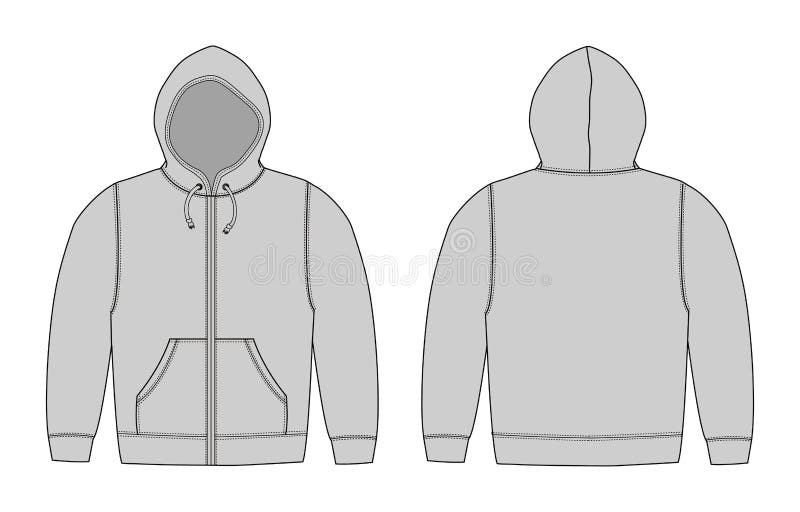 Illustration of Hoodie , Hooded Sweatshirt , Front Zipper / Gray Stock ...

- - - -

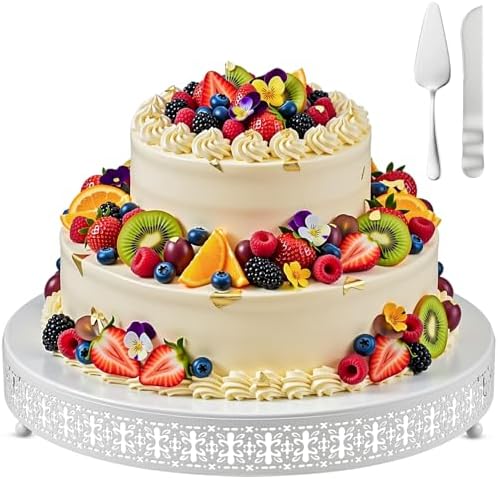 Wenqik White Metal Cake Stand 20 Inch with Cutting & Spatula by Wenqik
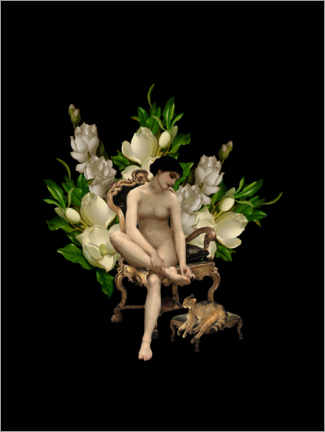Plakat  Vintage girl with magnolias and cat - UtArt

- - - -

THE TASK:
Reproduce the listing above exactly from the line containing "Wenqik White Metal" up to and including the line containing "cat - UtArt", omitting any images and everything outside those lines.

REPLY:
 Wenqik White Metal Cake Stand 20 Inch with Cutting & Spatula by Wenqik
Plakat  Vintage girl with magnolias and cat - UtArt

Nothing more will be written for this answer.